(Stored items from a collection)
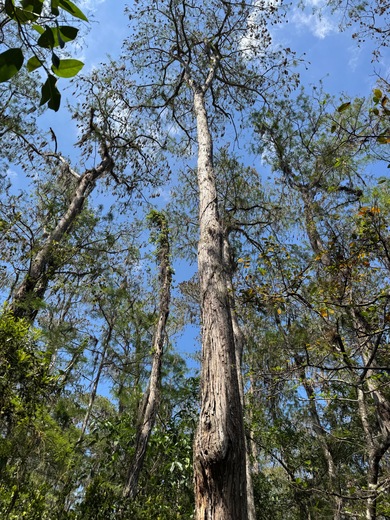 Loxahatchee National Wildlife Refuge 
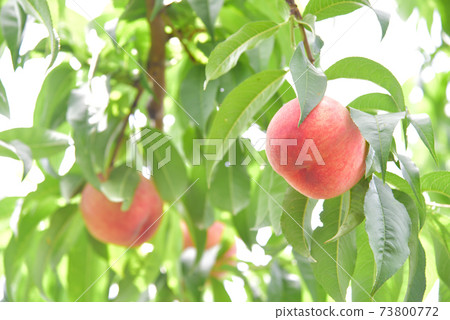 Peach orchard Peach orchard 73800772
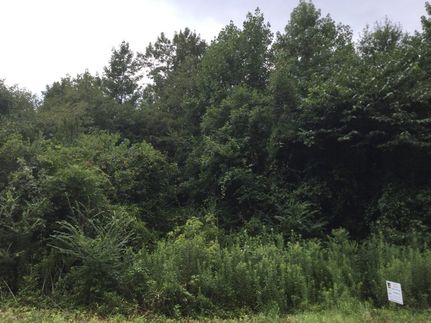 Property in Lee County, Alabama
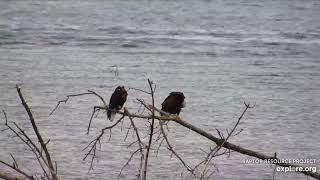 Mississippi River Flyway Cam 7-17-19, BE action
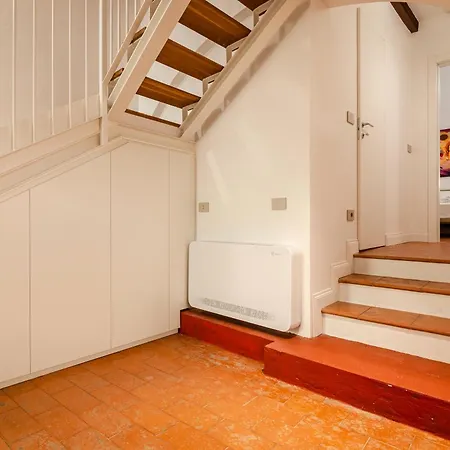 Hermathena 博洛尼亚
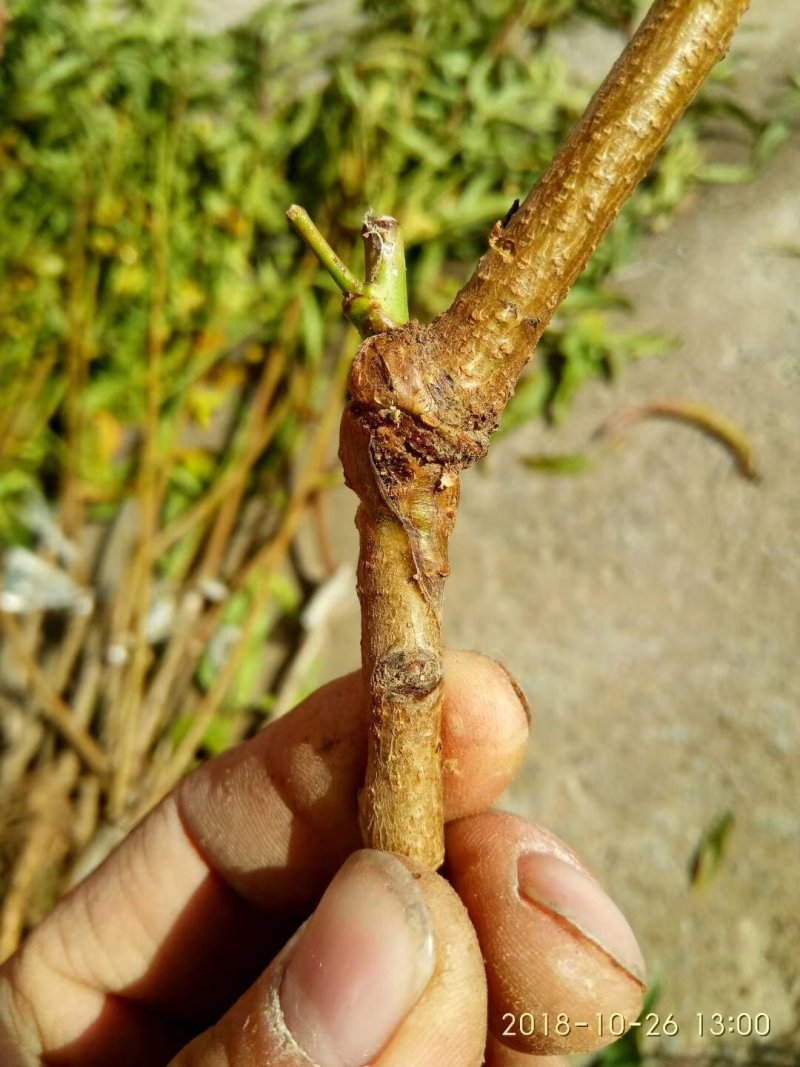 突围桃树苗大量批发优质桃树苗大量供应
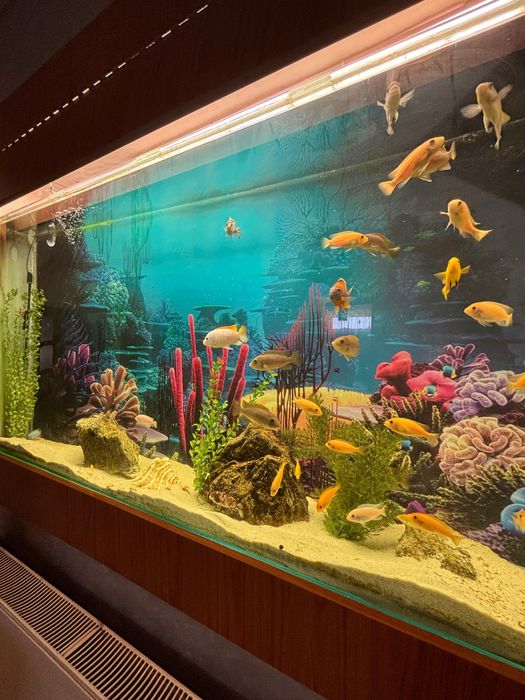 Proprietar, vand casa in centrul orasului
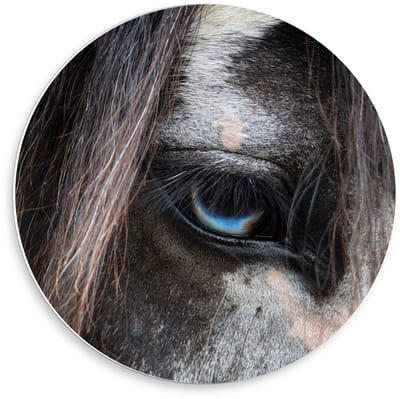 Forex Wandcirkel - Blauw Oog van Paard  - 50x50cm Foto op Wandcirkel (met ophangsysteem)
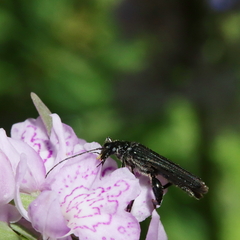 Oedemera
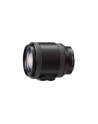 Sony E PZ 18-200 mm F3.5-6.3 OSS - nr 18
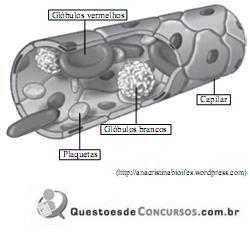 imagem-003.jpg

- _Your objective_: Leave images out of the retyped records; keep all else exact.

- _Response_:
 Loxahatchee National Wildlife Refuge 
 Peach orchard Peach orchard 73800772
 Property in Lee County, Alabama
 Mississippi River Flyway Cam 7-17-19, BE action
 Hermathena 博洛尼亚
 突围桃树苗大量批发优质桃树苗大量供应
 Proprietar, vand casa in centrul orasului
 Forex Wandcirkel - Blauw Oog van Paard  - 50x50cm Foto op Wandcirkel (met ophangsysteem)
 Oedemera
 Sony E PZ 18-200 mm F3.5-6.3 OSS - nr 18
 imagem-003.jpg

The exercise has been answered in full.